> RECORDS TO USE
----

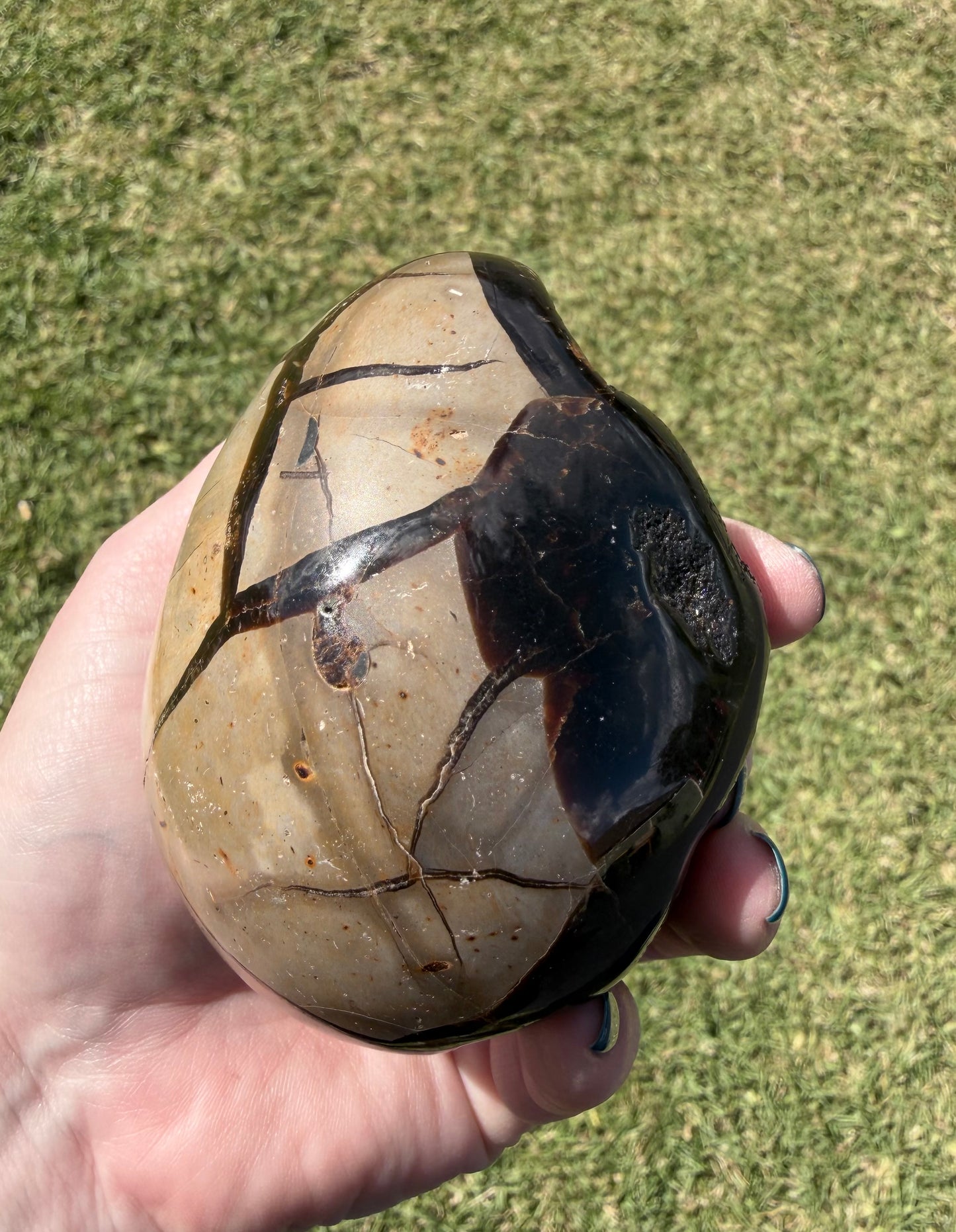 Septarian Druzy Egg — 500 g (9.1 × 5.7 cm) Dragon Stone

----

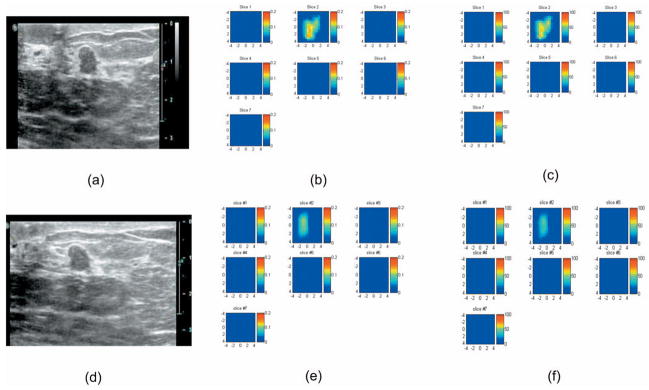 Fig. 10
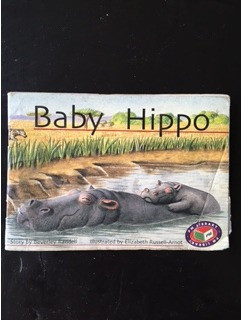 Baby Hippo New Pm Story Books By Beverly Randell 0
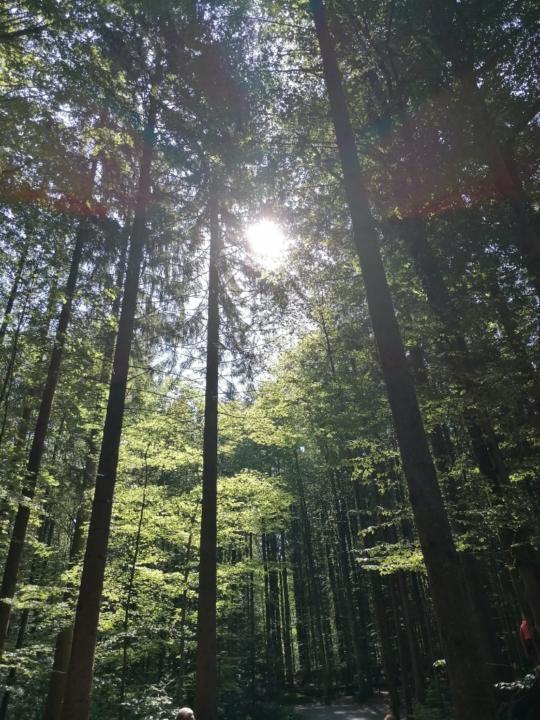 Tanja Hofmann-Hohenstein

----

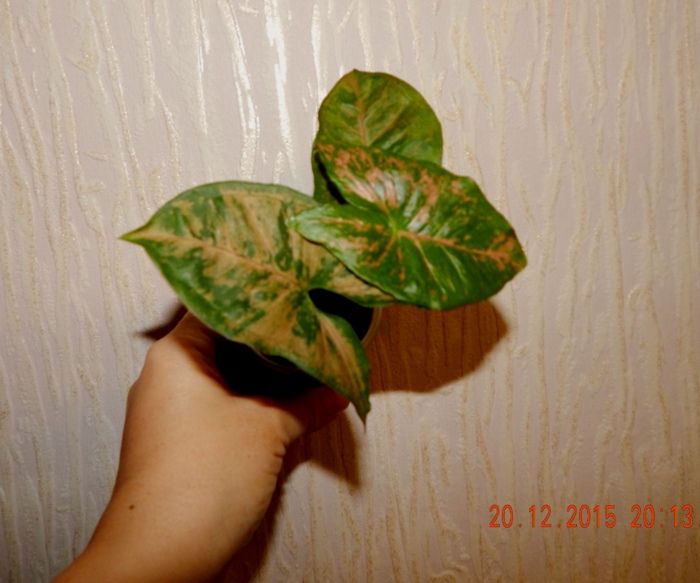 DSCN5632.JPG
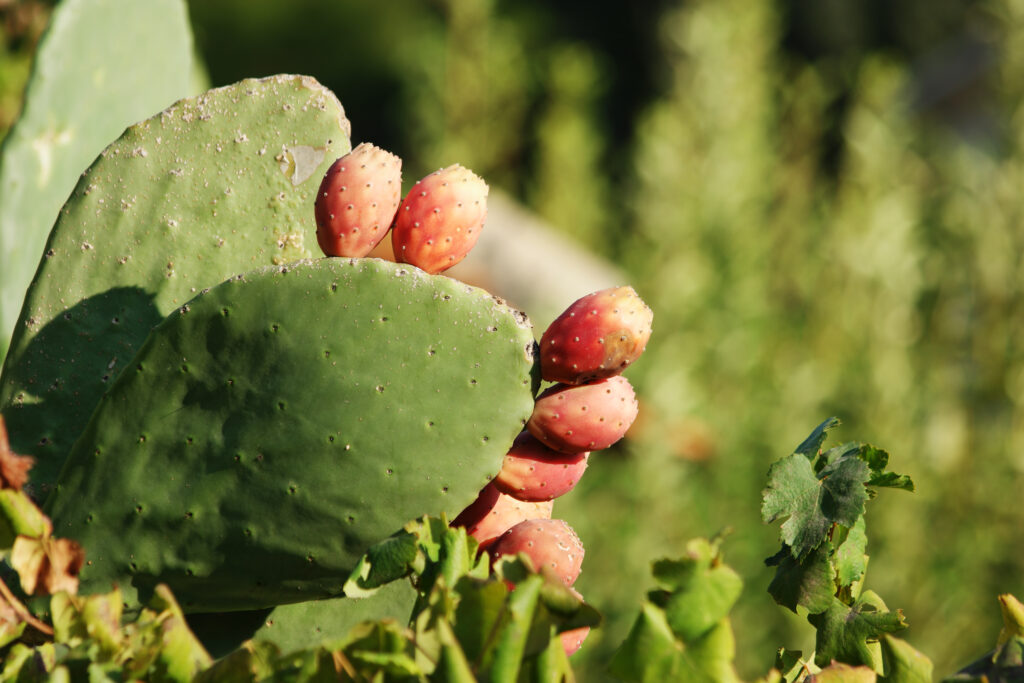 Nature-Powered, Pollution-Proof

----

> WHAT NEEDS TO BE DONE
Your answer must be everything above from the line with "Baby Hippo New" down to the line with "Tanja Hofmann-Hohenstein", word for word, and no pictures.

> ANSWER BOX
 Baby Hippo New Pm Story Books By Beverly Randell 0
 Tanja Hofmann-Hohenstein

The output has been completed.